No recuerdo de dónde salió. No sé si lo compré yo o mi esposo, o si fue uno de los tantos regalos que recibió mi bebé cuando nació hace ocho años. Solo me consta que cuando él puso sus deditos regordetes sobre este peluche por primera vez, fue amor a primera vista. Perrito Azul, como lo apodamos -porque eso era-, se convirtió en su fiel compañero, amigo, mimo y consuelo.

No sé qué le vio mi chiquito ni qué fue lo que hizo que Perrito Azul fuera el escogido entre el montón de peluches que se desbordaban de la canasta en su cuarto. Pero ambos se tornaron inseparables.

Con el paso de los años, el peluche relleno se convirtió en un harapo desgarbado. Pero seguía siendo su más valiosa posesión. Perrito Azul pasó de ser celeste a gris y luego casi blanco. Se fue descosiendo, se le despegaron las orejas, y ya no se le veían ni los ojos ni su boca. Cada vez que mi chiquito dormía su siesta, la nana -tan especial que siempre ha sido- remendaba el peluche tratando de que recobrara algo de compostura. Por supuesto, en vano.

Y no importa, porque Gabriel quería a Perrito Azul por encima de todo. Es más, lo prefería sucio y desbaratado. Cuando lavábamos el peluche en casa y quedaba oliendo a jabón Ivory, se enojaba.

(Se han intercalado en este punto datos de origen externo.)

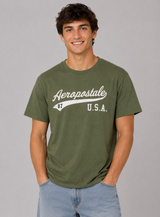 Camiseta Para Hombre Aero Level 2 Graphic Tees Olivine 6256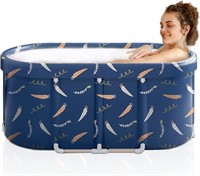 Portable 47-Inch Foldable Freestanding Bathtub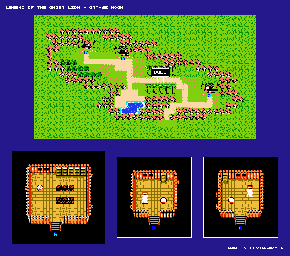 Thumbnail for a map of Orange Moon for the NES game Legend Of The Ghost Lion.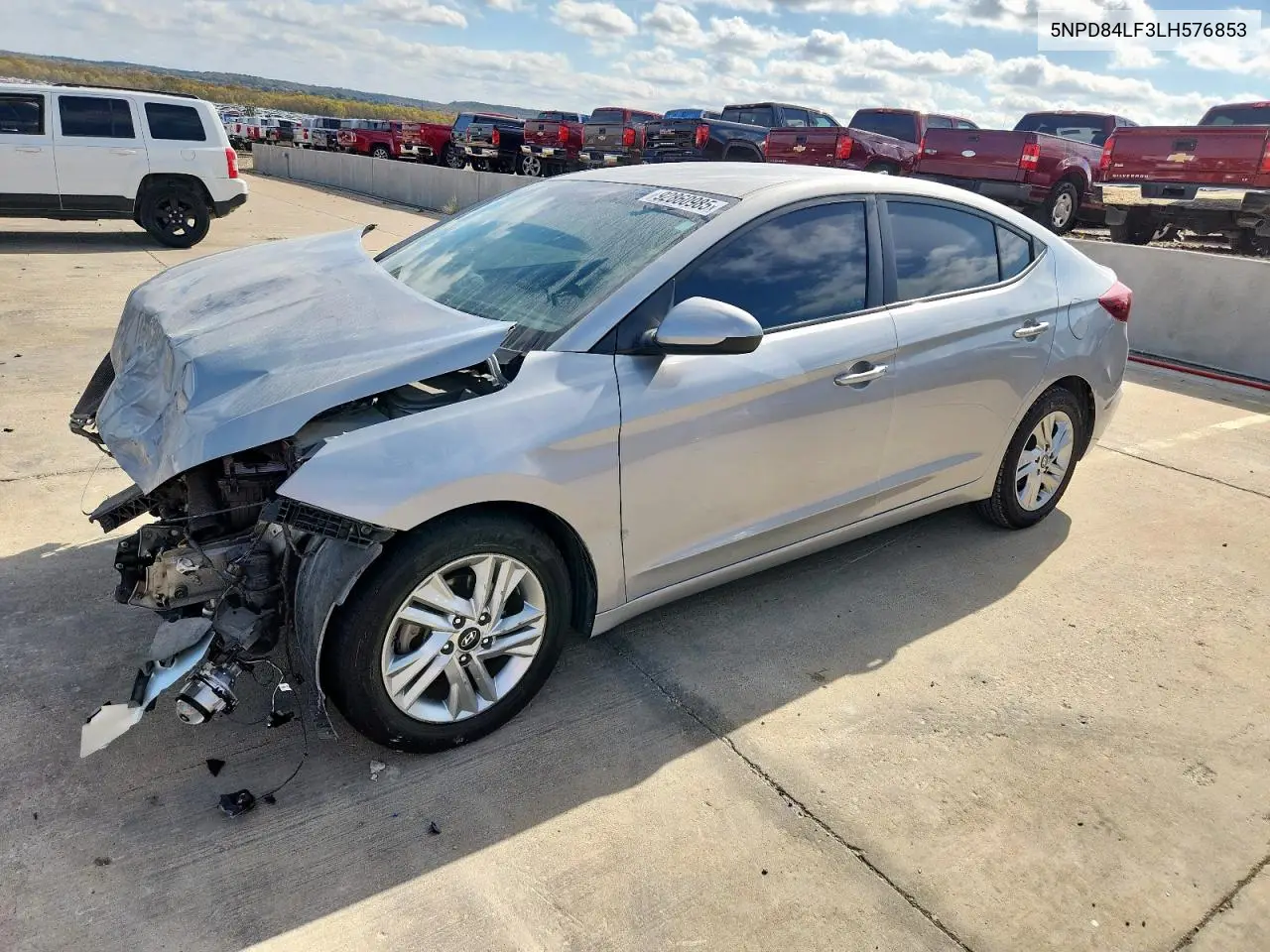 5NPD84LF3LH576853 2020 Hyundai Elantra Sel
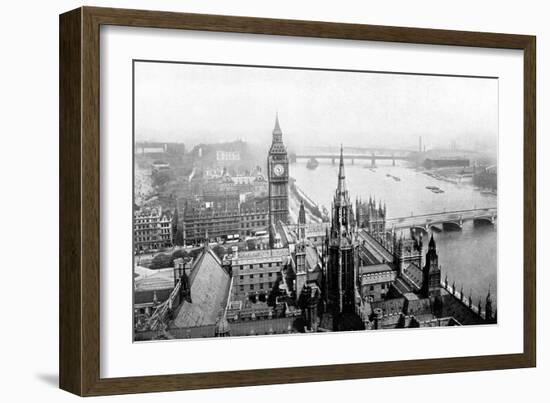 The Houses of Parliament, as Seen from Victoria Tower, Westminster, London, C1905-null-Framed Giclee Print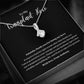 Transplant Hero Personalized Ribbon Pendant Necklace
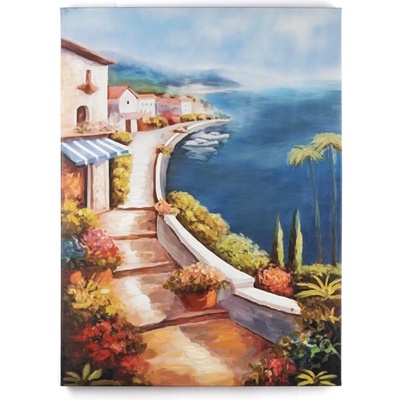 Weltbild Olejomalba Pobřežní promenáda š 50 × v 70 cm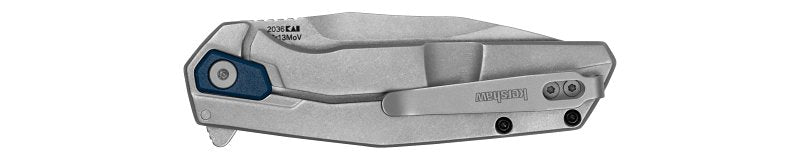 Kershaw Lucid Series 2036 Pocket Knife, 3.2 in L Blade, 8Cr13MoV Stainless Steel Blade, Contoured, Secure Grip Handle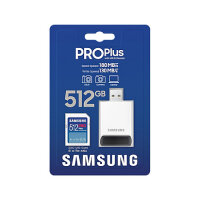 CARD Card 512GB Samsung XC PRO Plus (2023)(CL10) Reader retail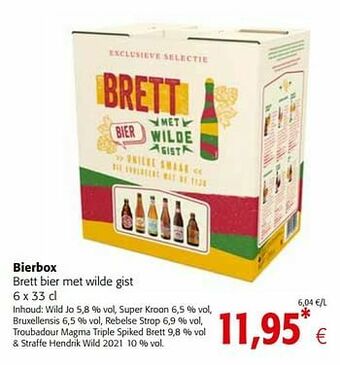 Colruyt Bierbox brett bier met wilde gist aanbieding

Perrito Azul era el secuaz de mi hijo. No podía dormir sin él, y si por alguna razón se extraviaba en otro lado, había que organizar operativos de búsqueda y rescate en los que los miembros de la casa entera participaban.

En casa la apariencia del peluche era motivo de gracia, pero a la hora de salir era una ligera inconveniencia. Mucha gente no podía creer el estado decrépito del peluchito, y cada vez que lo veían me preguntaban con curiosidad genuina, “¿Cuándo se lo vas a botar?”, y aunque era una pregunta válida, un día llegué a esta conclusión:

Todos, sin importar la edad, tenemos nuestra propia versión de un perrito azul. Algo que queremos, amamos, no por lo que es, sino por lo que representa. Algo que nos llena, nos acompaña y nos reconforta. Algo que nos permite no sentirnos tan solos o expuestos en el mundo. Algo a lo que nos aferramos, con fuerza, y que no queremos soltar. Puede ser en muchas formas y expresiones: un vicio, un pasatiempo, una canción o una persona. Un secreto cuyo recuerdo saboreas sonriente, en silencio. Puede ser la fe, la música, una pasión que nos mueve o hasta algo tan simple como un chocolate. Pueden ser tantas cosas, pero que nos hacen tan feliz.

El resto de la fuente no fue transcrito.